Records supplied: Begin
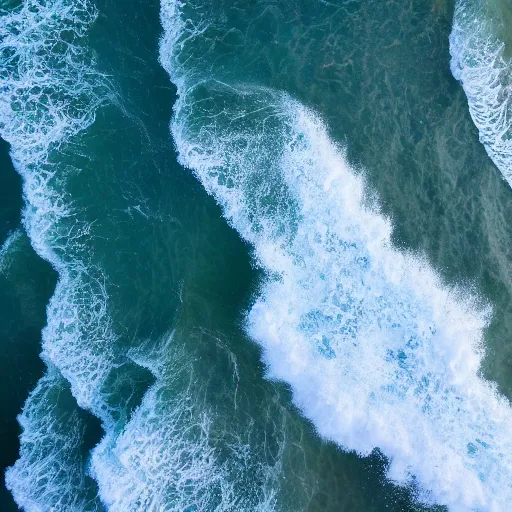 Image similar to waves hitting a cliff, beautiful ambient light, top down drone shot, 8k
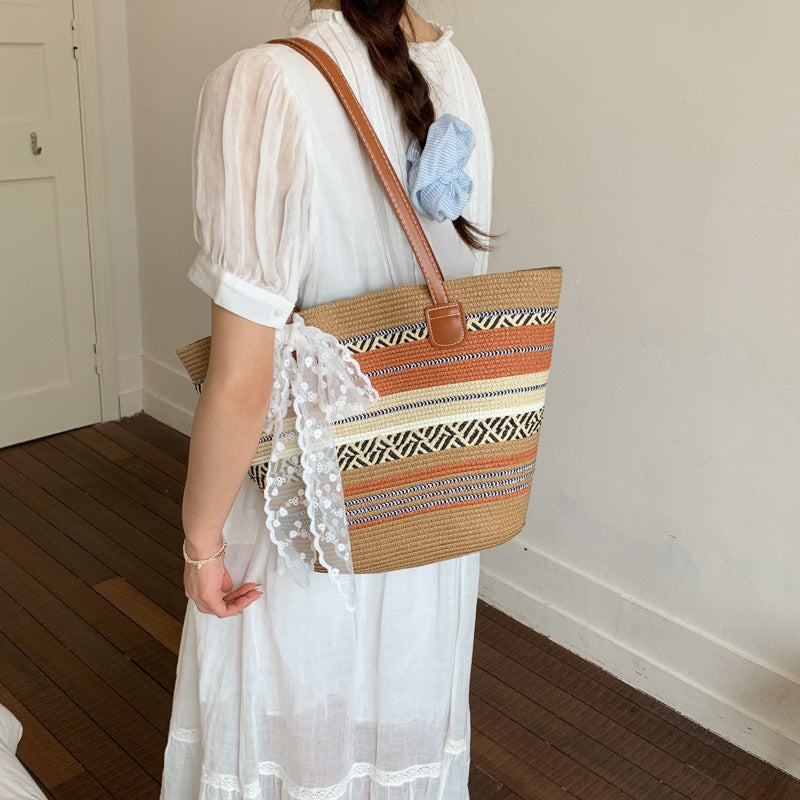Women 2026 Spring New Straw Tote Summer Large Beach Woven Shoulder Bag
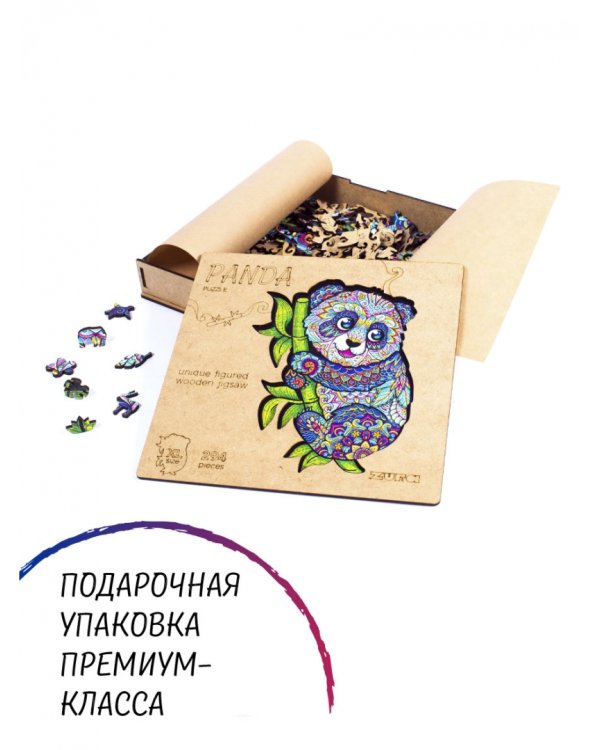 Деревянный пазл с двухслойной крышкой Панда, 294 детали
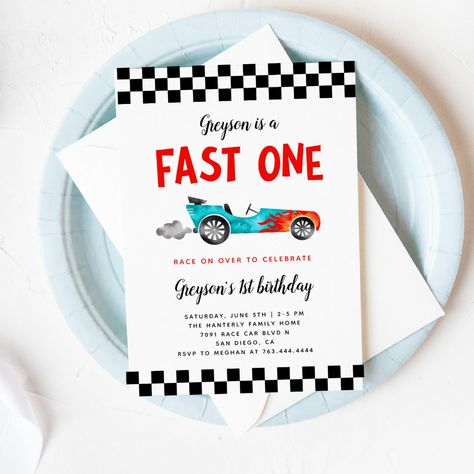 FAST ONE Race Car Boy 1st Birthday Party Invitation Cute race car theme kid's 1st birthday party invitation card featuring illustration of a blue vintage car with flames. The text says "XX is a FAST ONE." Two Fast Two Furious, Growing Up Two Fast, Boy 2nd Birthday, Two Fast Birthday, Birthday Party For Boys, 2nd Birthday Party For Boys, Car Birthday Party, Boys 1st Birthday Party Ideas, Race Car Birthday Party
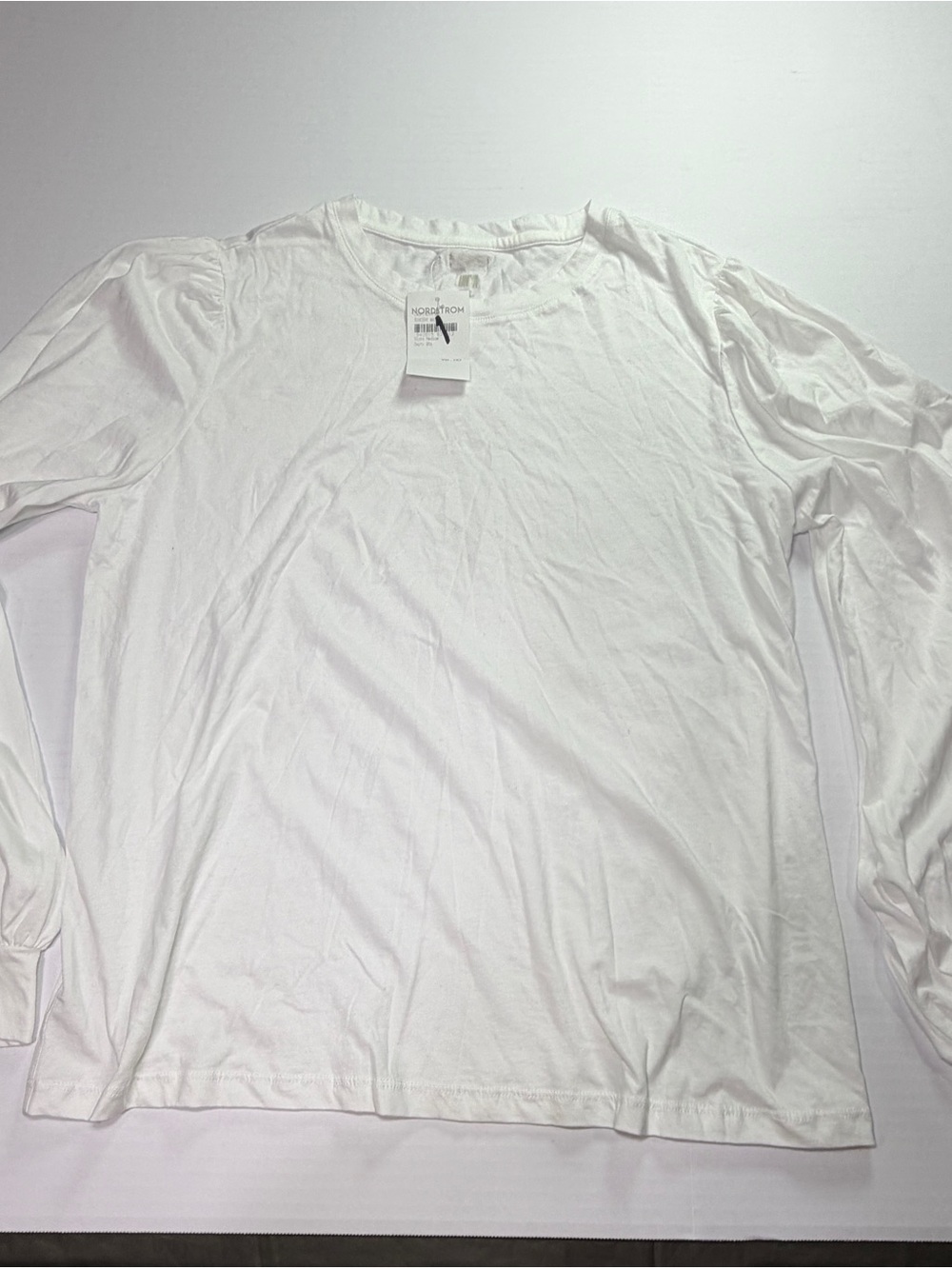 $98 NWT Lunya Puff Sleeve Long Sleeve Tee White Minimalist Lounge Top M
Records supplied: End
Problem = With the pictures left out, copy exactly the lines from the line holding "Деревянный пазл с" through the final line of the records, including both.

Task response =
 Деревянный пазл с двухслойной крышкой Панда, 294 детали
 FAST ONE Race Car Boy 1st Birthday Party Invitation Cute race car theme kid's 1st birthday party invitation card featuring illustration of a blue vintage car with flames. The text says "XX is a FAST ONE." Two Fast Two Furious, Growing Up Two Fast, Boy 2nd Birthday, Two Fast Birthday, Birthday Party For Boys, 2nd Birthday Party For Boys, Car Birthday Party, Boys 1st Birthday Party Ideas, Race Car Birthday Party
 $98 NWT Lunya Puff Sleeve Long Sleeve Tee White Minimalist Lounge Top M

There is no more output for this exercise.